Notifications and concurrency

The client's receive loop dispatches each incoming message to completion before reading the next, and the in-memory transport delivers everything on one ordered stream. Together these guarantee that every notification a server handler emits before its response reaches the client callback before the originating request returns — so tests collect notifications into a plain list and assert after the call, with no synchronisation. The exceptions:

  • a notification not triggered by a request the test is awaiting needs an anyio.Event set in the receiving handler and awaited under anyio.fail_after(5);
  • the ordering guarantee does not survive transports that split messages across streams (the streamable HTTP standalone GET stream) — see transports/test_streamable_http.py.

Coverage

CI requires 100% line and branch coverage, including tests/, and strict-no-cover fails the build if a line marked # pragma: no cover is ever executed. When a new test starts covering a pragma'd line in src/, delete the pragma in the same change. Do not add new # type: ignore or # noqa comments; restructure instead. Two pragmas are sanctioned in this suite's test code, both for known-upstream tracer bugs and only after restructuring has been tried: # pragma: no branch on a with/async with line whose only fault is coverage.py mis-tracing the exit arc of a nested async context (reserve it for shapes that cannot collapse — a sync with adjacent to an async with); and # pragma: lax no cover on a single statement that 3.11's tracer drops because the preceding async with unwinds via coro.throw() (python/cpython#106749, wontfix on 3.11) — this hits any test that must run statements after a ClientSession/streamable_http_client exits but still inside an outer async with, and no restructure can avoid it.

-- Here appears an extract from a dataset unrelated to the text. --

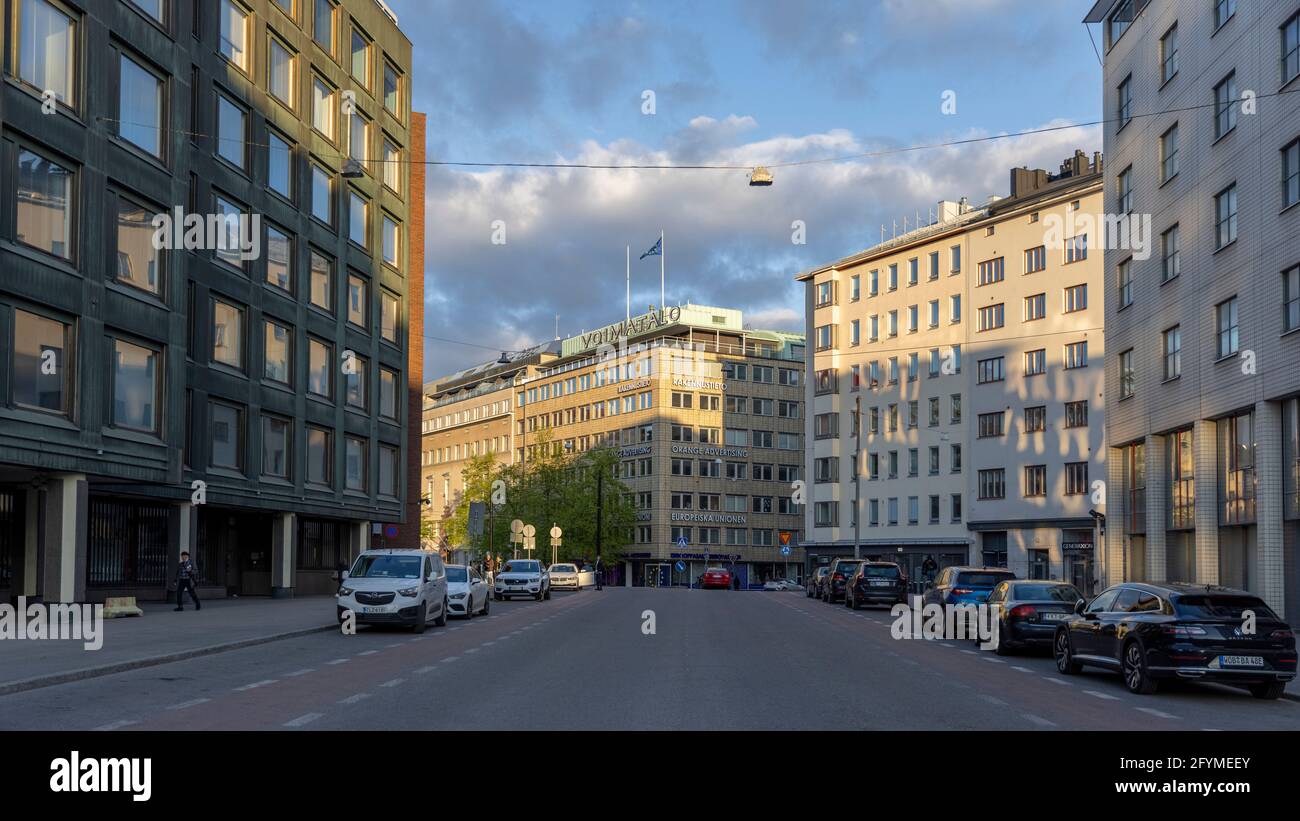 Il quartiere del centro di Helsinki è vuoto a causa della pandemia di coronavirus e del blocco. Normalmente le strade sono strisciate con la gente nei fine settimana. Foto Stock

A handful of # pragma: lax no cover markers in src/ cover teardown exception handlers whose execution is timing-dependent under the in-process HTTP bridge — the POST-stream and stateless-session except Exception handlers in server/streamable_http*.py, the _terminated check in message_router, and the response-stream double-close guard in BaseSession._receive_loop. strict-no-cover does not check lax lines; do not promote them to strict no cover without first making the teardown ordering deterministic. The suite also relies on a one-line src/mcp/server/sse.py fix (sse_stream_reader.aclose()) that closes a stream the SSE leg would otherwise leak.